The Course: Galaxies and Cosmology
The School: California Institute of Technology, via Coursera
Taught By: S. George Djorgovski
Course Description: This class is an introduction to the modern extragalactic astronomy and cosmology, i.e., the part of astrophysics that deals with the structure and evolution of the universe as a whole. It will cover the subjects including: relativistic cosmological models and their parameters, extragalactic distance scale, cosmological tests, composition of the universe, dark matter, and dark energy; the hot big bang, cosmic nucleosynthesis, recombination, and cosmic microwave background; formation and evolution of structure in the universe; galaxy clusters, large-scale structure and its evolution; galaxies, their properties and fundamental correlations; formation and evolution of galaxies; star formation history of the universe; quasars and other active galactic nuclei, and their evolution; structure and evolution of the intergalactic medium; diffuse extragalactic backgrounds; the first stars, galaxies, and the reionization era.
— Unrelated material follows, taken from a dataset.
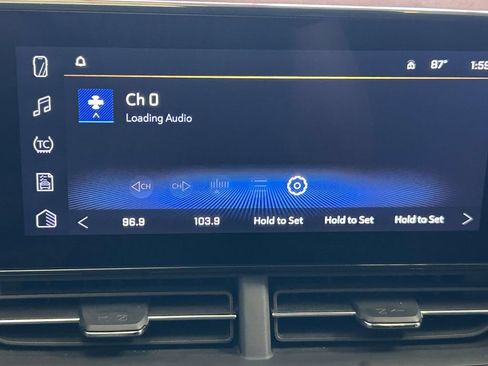 Used 2025 Chevrolet Trax LT w/ LT Convenience Package FWD image 23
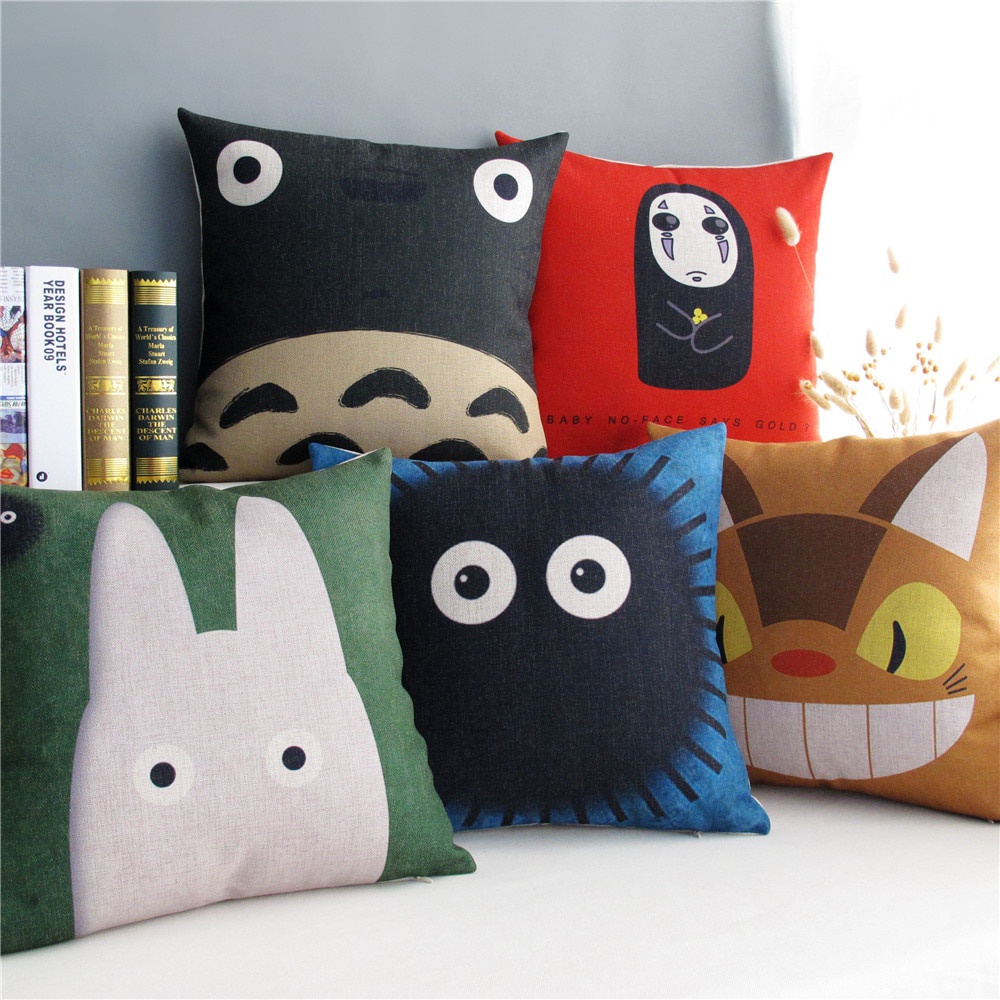 Vỏ Gối Vuông In Hình Totoro Chất Liệu Polyester Kích Thước 45x45cm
The Course: Fantasy and Science Fiction: The Human Mind, Our Modern World
The School: University of Michigan, via Coursera
Taught By: Eric Rabkin
Course Description: Fantasy is a key term both in psychology and in the art and artifice of humanity. The things we make, including our stories, reflect, serve, and often shape our needs and desires. We see this everywhere from fairy tale to kiddie lit to myth; from “Cinderella” to Alice in Wonderland to Superman; from building a fort as a child to building ideal, planned cities as whole societies. Fantasy in ways both entertaining and practical serves our persistent needs and desires and illuminates the human mind. Fantasy expresses itself in many ways, from the comfort we feel in the godlike powers of a fairy godmother to the seductive unease we feel confronting Dracula. This course will explore Fantasy in general and Science Fiction in specific both as art and as insights into ourselves and our world.

The Course: Bits: The Computer Science of Digital Information
The School: Harvard, via the Open Learning Initiative
Taught By: Harry R. Lewis
Course Description: This course focuses on information as quantity, resource, and property. We study the application of quantitative methods to understanding how information technologies inform issues of public policy, regulation, and law. How are music, images, and telephone conversations represented digitally, and how are they moved reliably from place to place through wires, glass fibers, and the air? Who owns information, who owns software, what forms of regulation and law restrict the communication and use of information, and does it matter? How can personal privacy be protected at the same time that society benefits from communicated or shared information?